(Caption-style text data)
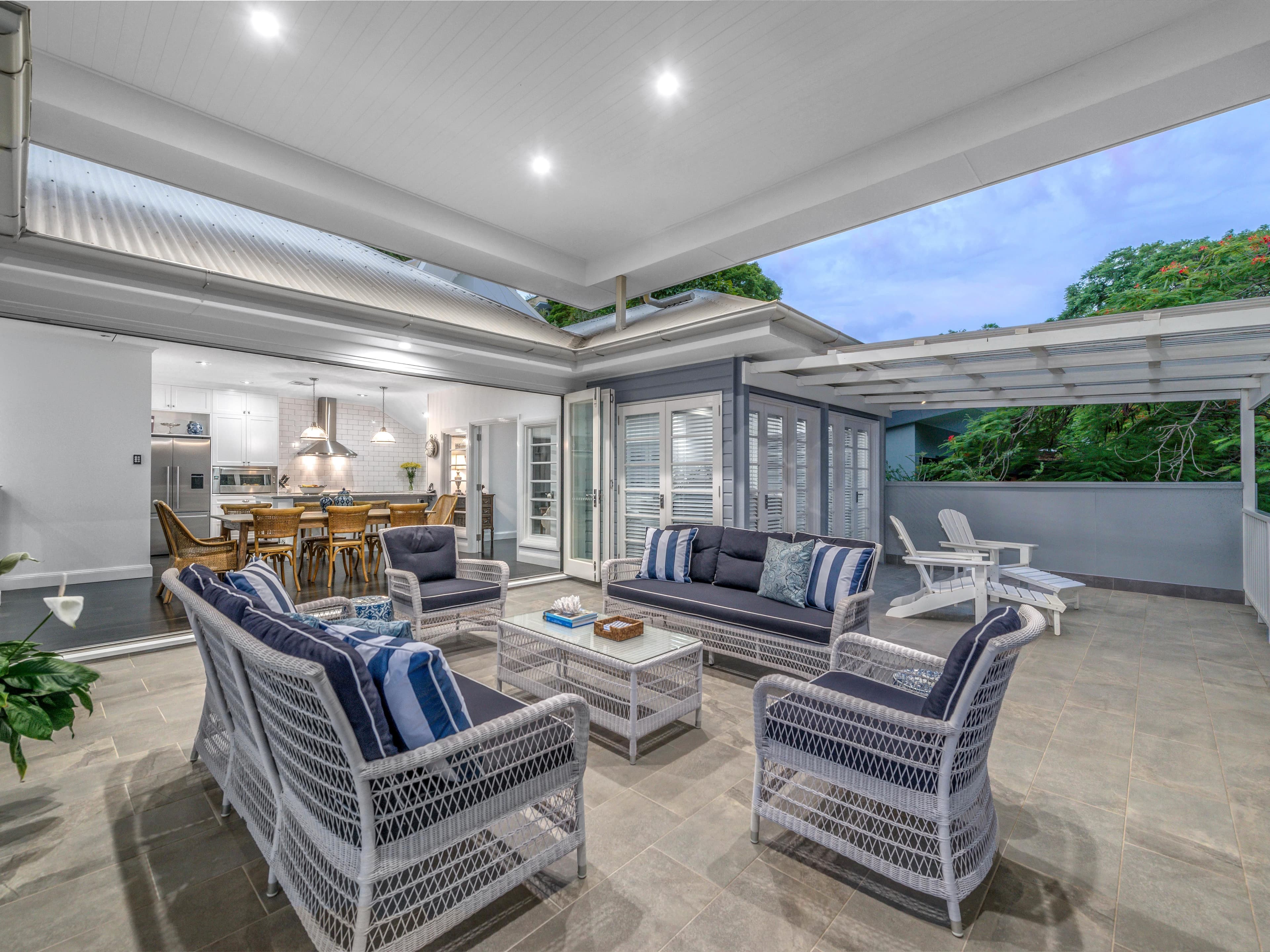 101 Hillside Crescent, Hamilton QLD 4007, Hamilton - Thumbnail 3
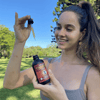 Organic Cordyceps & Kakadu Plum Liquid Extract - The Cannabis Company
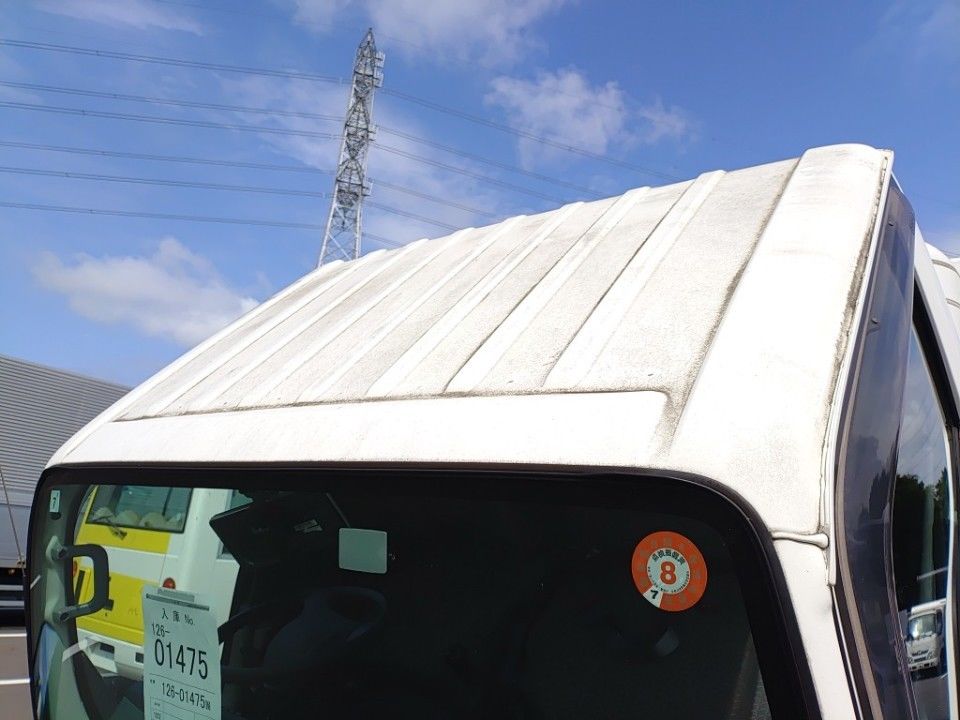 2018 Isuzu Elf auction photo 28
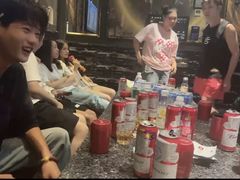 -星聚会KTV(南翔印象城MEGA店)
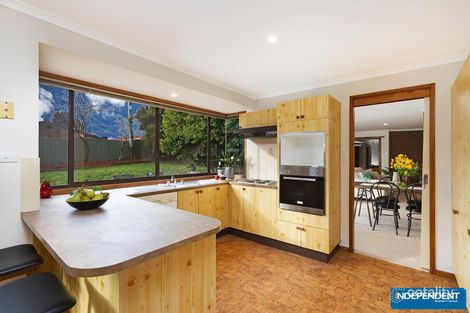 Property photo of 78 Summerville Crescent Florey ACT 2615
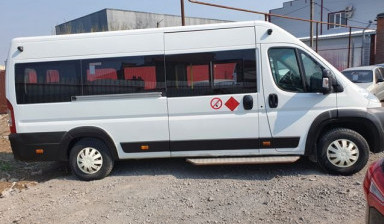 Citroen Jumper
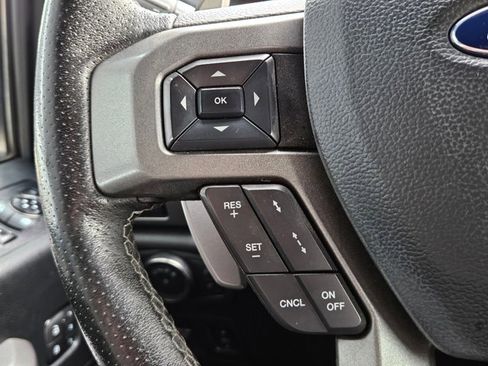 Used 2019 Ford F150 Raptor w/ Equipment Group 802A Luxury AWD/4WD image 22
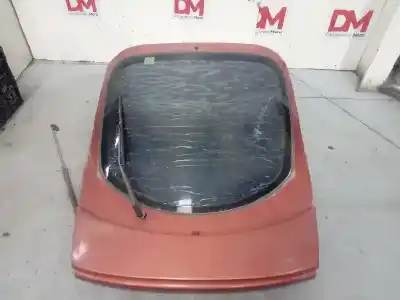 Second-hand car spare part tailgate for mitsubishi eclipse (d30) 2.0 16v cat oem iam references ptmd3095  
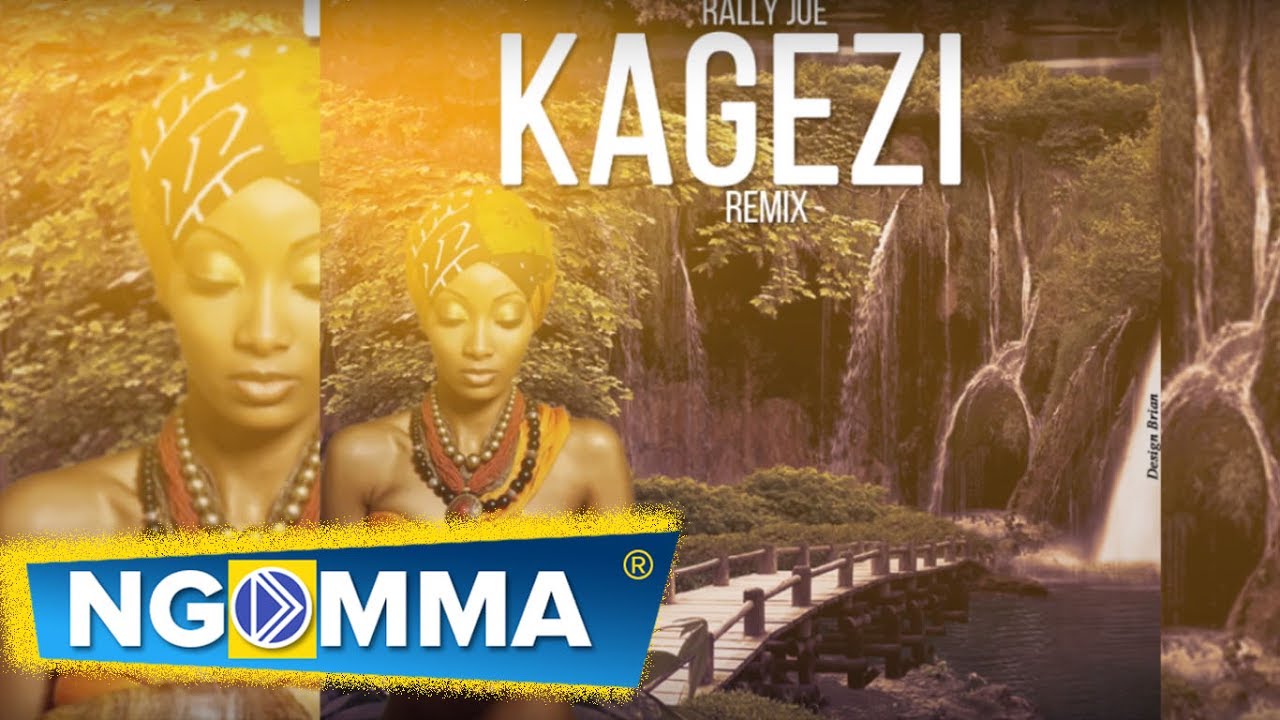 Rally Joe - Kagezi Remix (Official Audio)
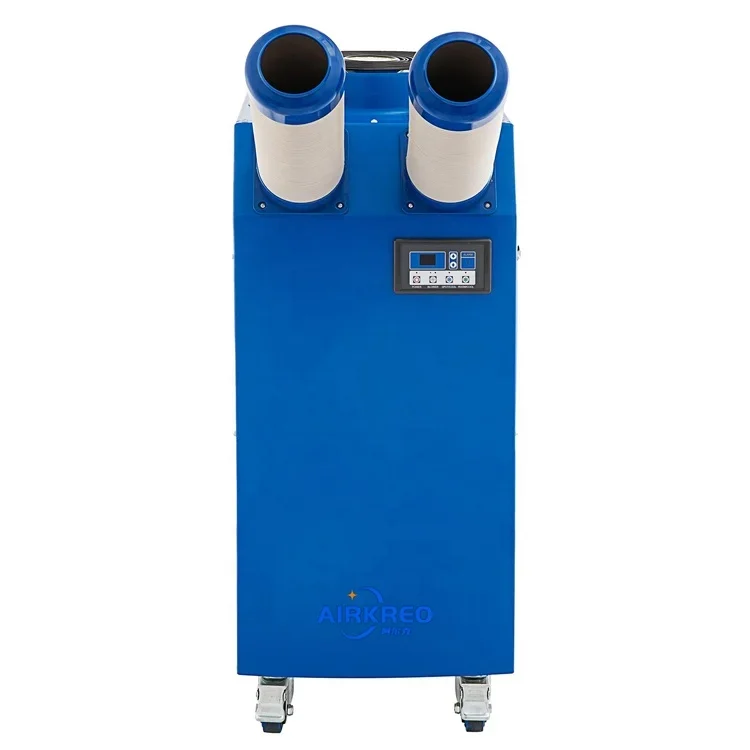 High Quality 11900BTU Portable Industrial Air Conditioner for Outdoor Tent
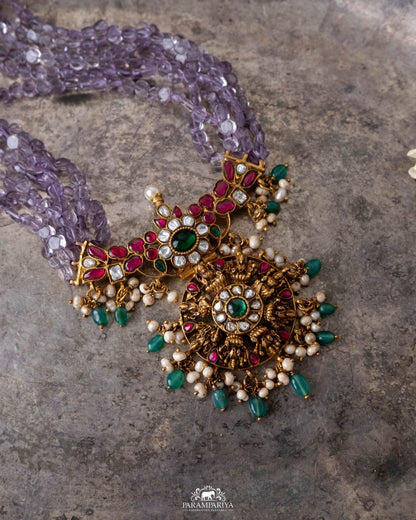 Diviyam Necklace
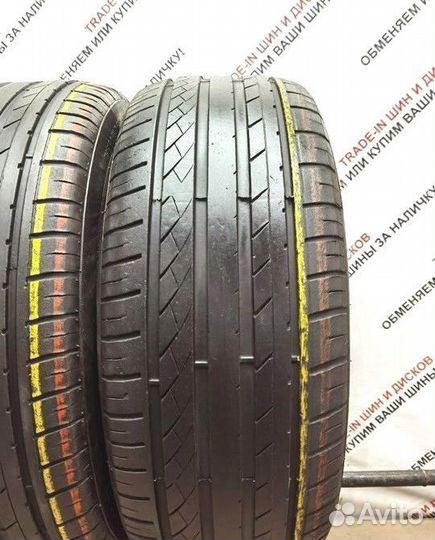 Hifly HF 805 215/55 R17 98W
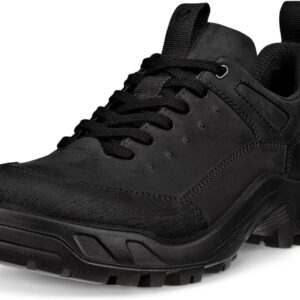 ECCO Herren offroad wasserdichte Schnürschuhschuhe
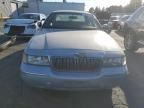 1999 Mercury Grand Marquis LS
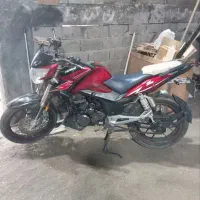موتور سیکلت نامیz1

Your assignment |
Please retype the entries above word for word, but only from the line containing "Citroen Jumper" through the last line, and without the pictures.

Result for this task |
 Citroen Jumper
 Used 2019 Ford F150 Raptor w/ Equipment Group 802A Luxury AWD/4WD image 22
 Second-hand car spare part tailgate for mitsubishi eclipse (d30) 2.0 16v cat oem iam references ptmd3095  
 Rally Joe - Kagezi Remix (Official Audio)
 High Quality 11900BTU Portable Industrial Air Conditioner for Outdoor Tent
 Diviyam Necklace
 Hifly HF 805 215/55 R17 98W
 ECCO Herren offroad wasserdichte Schnürschuhschuhe
 1999 Mercury Grand Marquis LS
موتور سیکلت نامیz1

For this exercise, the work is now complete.